J’ai appelé mon père à 10 heures le samedi 7 octobre, après avoir entendu la nouvelle que mon esprit pouvait à peine comprendre : les Brigades Qassam avaient brisé le siège de Gaza et capturé des dizaines d’Israéliens. Il m’a parlé sur un ton que je n’avais jamais entendu auparavant, un mélange de joie et d’effroi face à ce qui attend la population de Gaza.

Je n’ai pas pu retenir mes larmes lorsqu’il m’a dit qu’aucun mot ne pouvait décrire ce qu’Israël allait faire à notre peuple endeuillé.

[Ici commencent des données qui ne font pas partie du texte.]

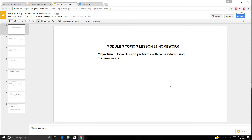Hi boys and girls, here we are at lesson 21 homework, and we're going to solve division problems with remainders using the area model. In lesson 20 we solved them with the area model without remainders, so this lesson we're going to have remainders. Let's begin.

Il resta silencieux pendant un moment, comme s’il retenait ses larmes et essayait de projeter sa force. « Rima, j’ai besoin que tu sois forte, même si tu viens visiter Gaza et qu’aucun de nous n’est laissé. »

Cela fait un an, un mois et sept jours depuis que j’ai quitté Gaza. Je me souviens très bien du moment où j’ai réalisé que c’était la première fois que j’allais vivre une guerre contre Gaza, loin de la barbarie des missiles et des morceaux de corps éparpillés partout. Je ne savais pas encore que ce serait la guerre la plus féroce, et je ne savais pas que ces missiles étaient moins puissants que les hallucinations qui me hanteraient toute la nuit. Je ne savais pas que les remords et la peur pour ma famille me détruiraient à ce point.

J’ai appelé mon ami, saisi de honte d’avoir quitté cette grande ville. J’avais honte de lui demander comment elle allait. Je ne me souvenais d’aucun mot dans toute la langue arabe qui aurait pu m’aider à ce moment-là. « Dites-moi tout en détail, aussi insignifiant soit-il », dis-je. « Je veux calmer le feu de l’impuissance en moi. »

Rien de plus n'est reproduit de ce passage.